Sometimes, truth can only be accessed by way of the fairy tale.

The works of David McCamant are works of fantasy—not the dark, hallucinatory fantasies of surrealism—but the sort fairy tales are made of. Many of the pieces, McCamant says, were drawn from his own dreams. He has, however, left out any trace of the nightmares; there is a captivating innocence to McCamant’s dream world.

“I’m not really aware of where [my paintings] come from,” McCamant says. “They seem to want to be that way.”

McCamant seems to be trying to reach for something higher—or deeper—than everyday life, for a truth that can be felt rather than experienced. He paints only from his imagination, using no photos or other references as a guide.
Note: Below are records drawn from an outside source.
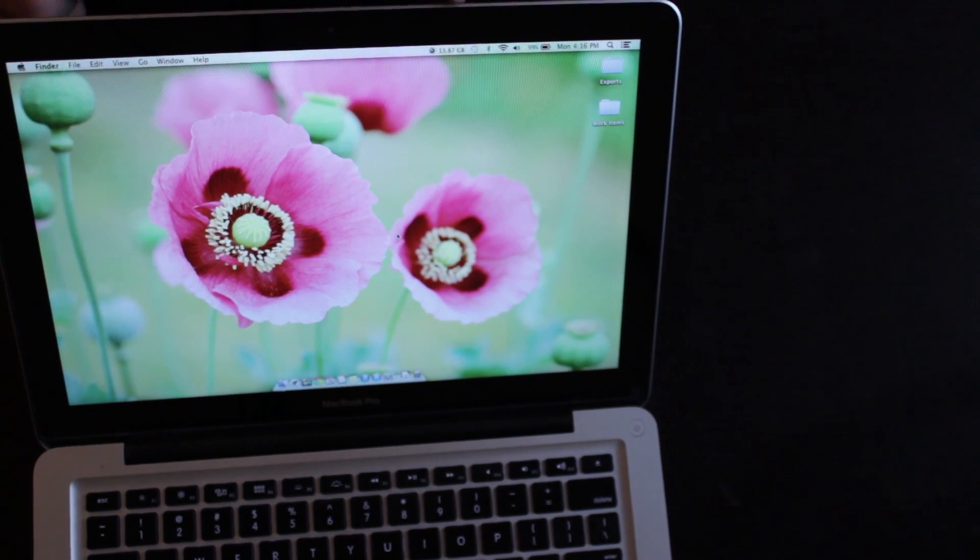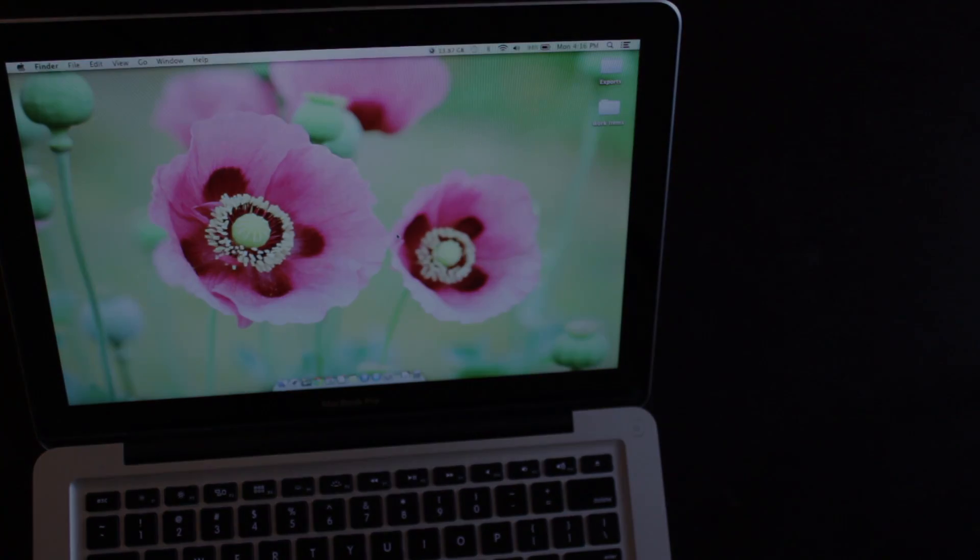You can see up here this is indicating that I have 13.87 gigabytes of RAM free, meaning that of the 16GB, about 2.13 is being used by the operating system. So there you have it — that's how you install RAM on your MacBook Pro. Thanks for watching. Bye.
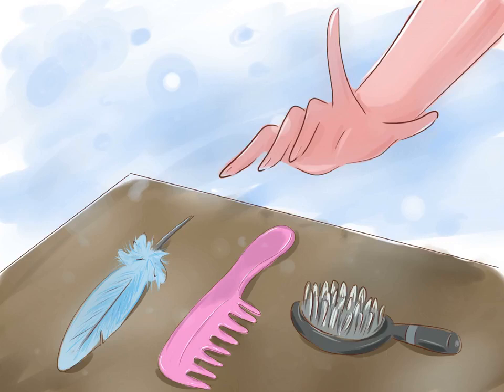How to tickle feet. You can tickle feet by lightly touching a person's feet with a feather, soft bristled brush, or even your fingers. There are a few techniques for getting the best results when it comes to tickling feet.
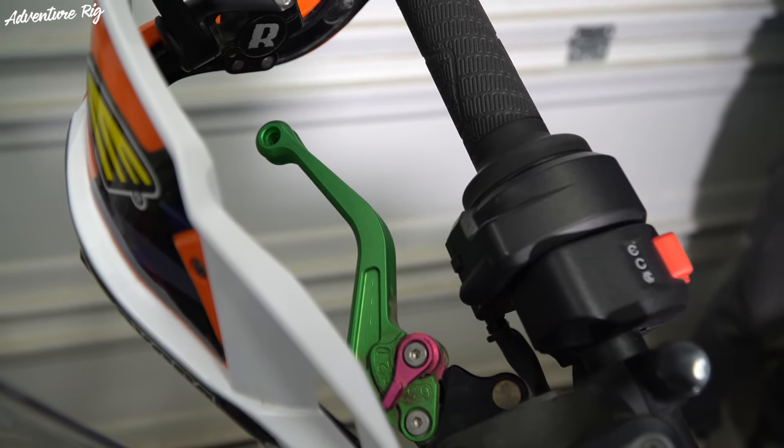So we went aftermarket. We ordered these out of Germany from a company called Raximo, and these are their BCS levers — the shorty. They come in at only about 15 centimeters long. They're anodized aluminum. One of my favorite things about them, besides how they feel and how well they work, are the number of color choices that you have for these levers.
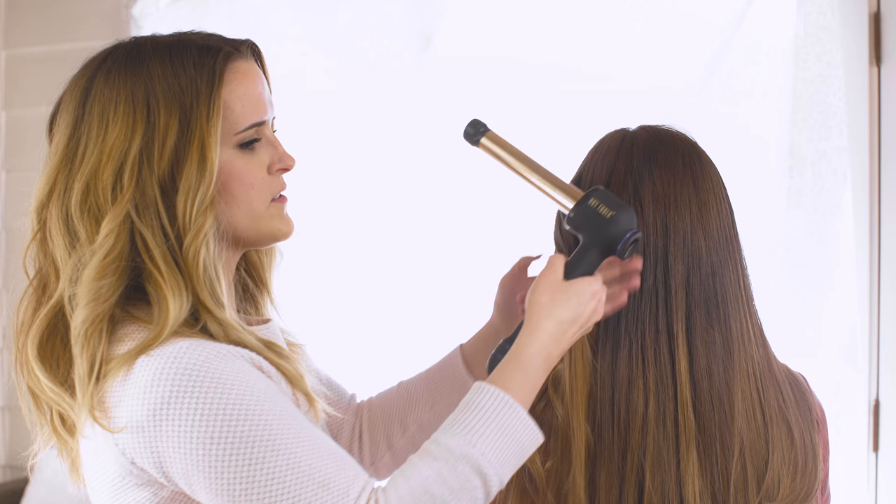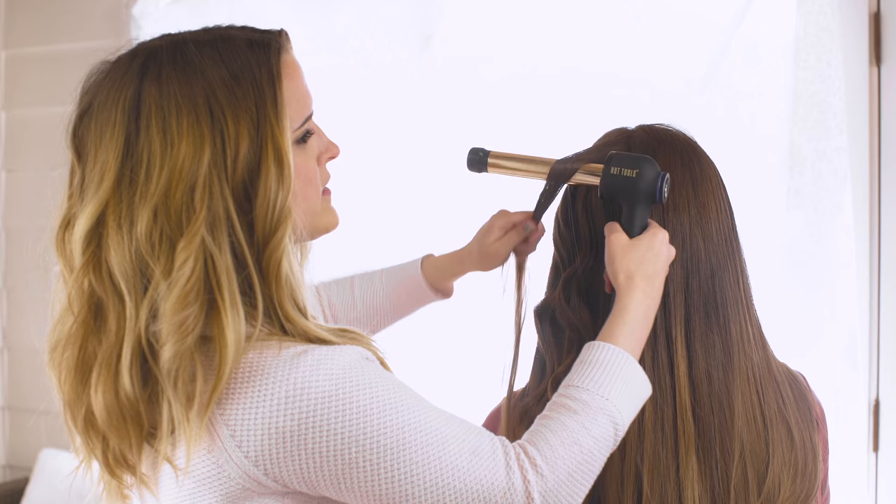So you'll notice as I'm curling, my shoulders are relaxed and my wrists are straight. The shape of this makes it very easy to curl with.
Accordingly, McCamant has titled his current exhibit, now on display at Esoteric Gallery, Introspectives, a title that describes his contemplative nature and also, he hopes, the manner in which his audience will receive the collection.

“I want to make it so that you can get lost in it,” McCamant says. “I want it to be a stepping-off point.”

“Golden Afternoon” (acrylic on canvas) brings the viewer to perhaps the highest, most fantastical ledge, in more ways than one. We view the landscape of “Golden Afternoon” from a cliff; before us is an inlet—a narrow, yellowed body of water framed by mountains on either side. Light streams in through the mountains, intense at the inlet’s entrance, becoming gradually diffuse.

The eye can’t help but want to follow this light. The inlet feeds into a sea; on its other shore is a distant city with high walls, bathed in light and fog. While the scene in the foreground is beautiful, the half-glimpsed one looks completely magical. “There is always something else,” the painting seems to be saying. “Something beyond imagination.”

“I contemplated what it would be like to stand on a cliff and see a kind of heaven,” McCamant says.

Other works, such as “A Mid-summer’s Day” (acrylic on canvas), show an impossibly vivid nature, a nature so crisp and so perfect that it could have been digitized by a Disney animator, with its all-too-real veneer. The subject of “Mid-summer’s Day” is not extraordinary—lush trees, a meadow, blue sky and massive white clouds—but everything in the scene feels amplified, particularly the vibrant color.

McCamant’s talent for hinting at the unknown, for making us want to follow a stream of light—or a shadow—back to its source, is at its simplest and most intense in “Stair Light” (acrylic on canvas). We see only the lower half of a winding staircase and, adjacent to the staircase, an archway. The setting is clearly outdoors, perhaps outside a cafe. But the architecture is ancillary; the painting is really about the marriage and divorce of darkness and light.

It is nighttime, and everything is pitch black, except for two streams of light: the pale blue moonlight that floods through the archway, and the soft yellow light that streams down the stairs. The light from the archway streams past the stairs, almost meeting the stair light at a right angle.

“I had a dream [in which] I was being called up the stairs,” McCamant says. “I sketched ‘Stair Light’ in five minutes, and it’s 89 percent to 90 percent exact to the experience.”

The image in "Stair Light" is simple and powerful; it made me want to find my way into the painting, climb the stairs and find the secret that lies just beyond.